# Karate Lexicon



## Rob Broad (Aug 12, 2004)

I recently read the August Black Belt article called Karate Lexicon.  It discusses 10 very popular terms found in most Dojos, but it shows where we have slightly changed the meaning of the words.


----------



## Andrew Green (Aug 12, 2004)

ok...?

Yes, there is a big difference between what a karate person thinks a word means and is pronounced and what someone that speaks Japanese thinks...

Your post seems like it got caught short?


----------



## Rob Broad (Aug 12, 2004)

Andrew you are right there is a paragraph missing.

Here is the entire post:

I recently read the August Black Belt article called Karate Lexicon. It discusses 10 very popular terms found in most Dojos, but it shows where we have slightly changed the meaning of the words.
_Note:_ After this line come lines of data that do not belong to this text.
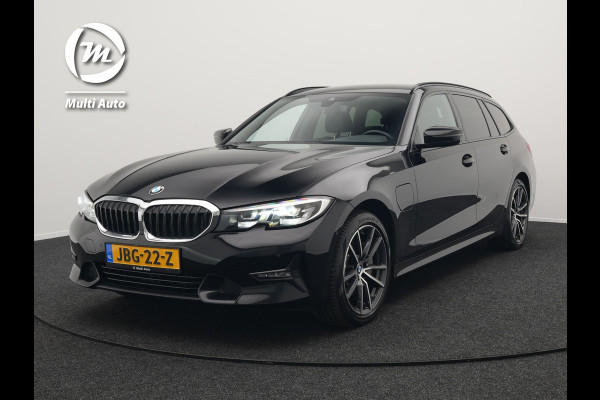 BMW 3 Serie Touring 330e Sportline Plug In Hybrid 293pk Dealer O.H PHEV | Camera | Cruise Control | Apple Carplay | Harman & Kardon | Lederen Sportstoelen Verwarmd | Front Assist | Navigatie | Sfeerverlichting | Virtual | DAB |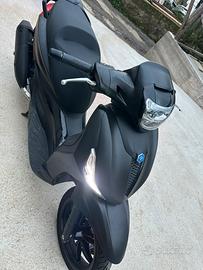 Beverly deep black 300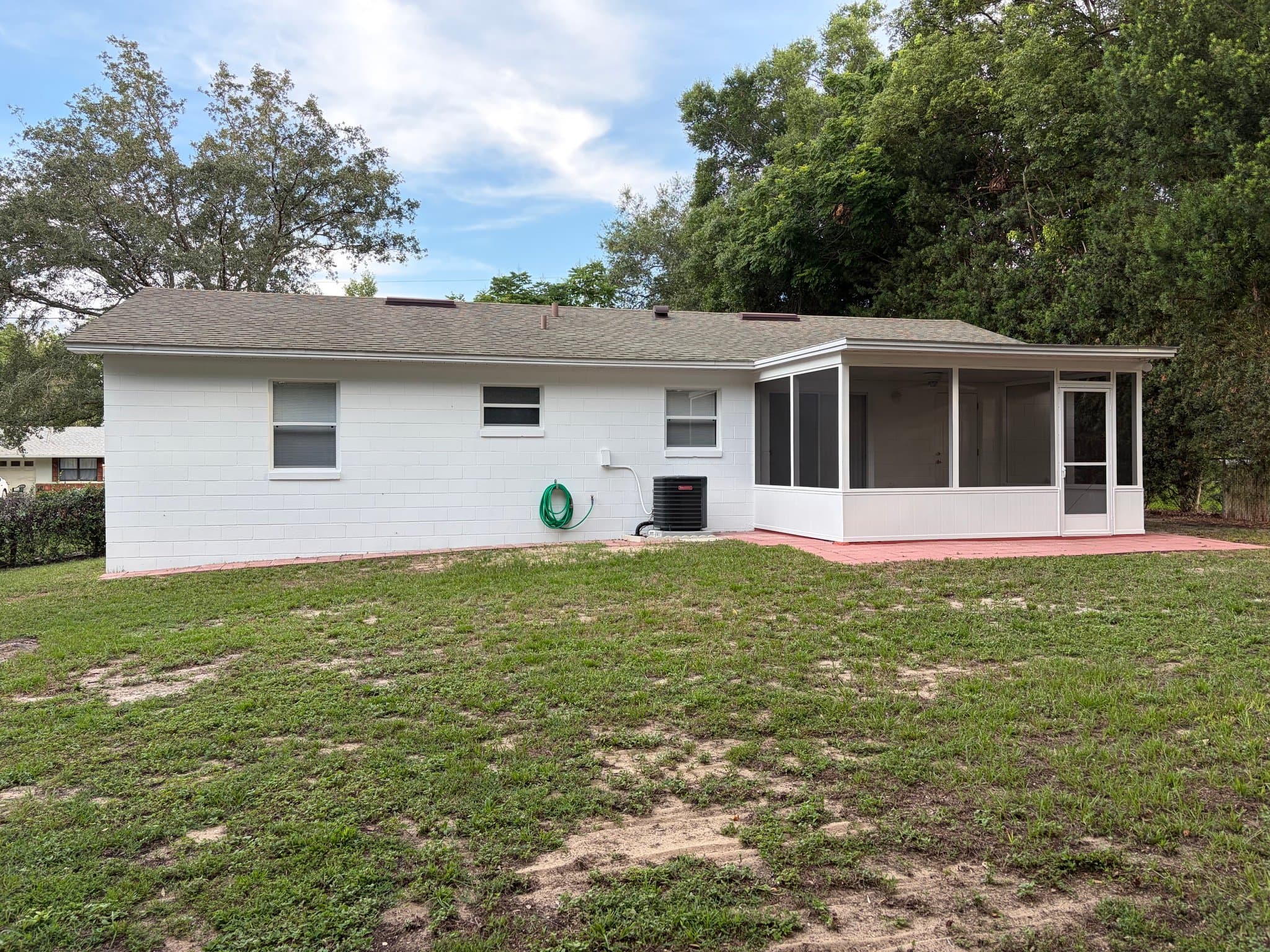 Minneola House: 102 E Chester St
It discussed Bunkai, Bushido, Dan, Dojo, Kata, Kumite, Mokuso, Rei, Reishiki, and Sensei.  It is very informative, we all have an idea of what teh words mean and we are usually close but teh actual translation is quite insightful.


----------



## Andrew Green (Aug 12, 2004)

Now how about giving some of the incorrect vs correct usages


----------



## Rob Broad (Aug 12, 2004)

I was actually thinking we could get some people to post what they think the words mean and then I will give the definitions that were given.


----------



## Andrew Green (Aug 12, 2004)

hehehe... "Black Belt" as a reference for the "real" translations...

I find that amusing


----------



## Rob Broad (Aug 12, 2004)

I said I would post the definitions give, not "real" definitions.  That will be up to the reader to discern.


----------



## drunken mistress (Aug 29, 2004)

We don´t use all of these words so I´ll post meanings I was given on a few
Bunkai - the practical application of Kata
Dan - a level (up to ten) after black belt. Usually takes at least 2 years to achieve each Dan
Dojo - temple/ place where karate is taught
Kata - a traditional from containing a fixed sequence of fighting moves
Kumite - sparring
Sensei - teacher


----------



## RRouuselot (Aug 29, 2004)

Japanese translation:

Bunkai: to break apart, seperate, dismantle(lit.)
Dojo: A place where the "way" of XXXX is taught
Kata: form, shape(lit.)
Kumite: meeting of the hands (lit.)


----------



## bignick (Aug 29, 2004)

kumite also means gripping hands...like in judo kumi kata means "forms of gripping"


----------



## RRouuselot (Aug 29, 2004)

bignick said:
			
		

> kumite also means gripping hands...like in judo kumi kata means "forms of gripping"


 
Actually it doesn't. The word kumi means to meet, join, collect depending on it's usage. 
The word "tori" means to grip.


----------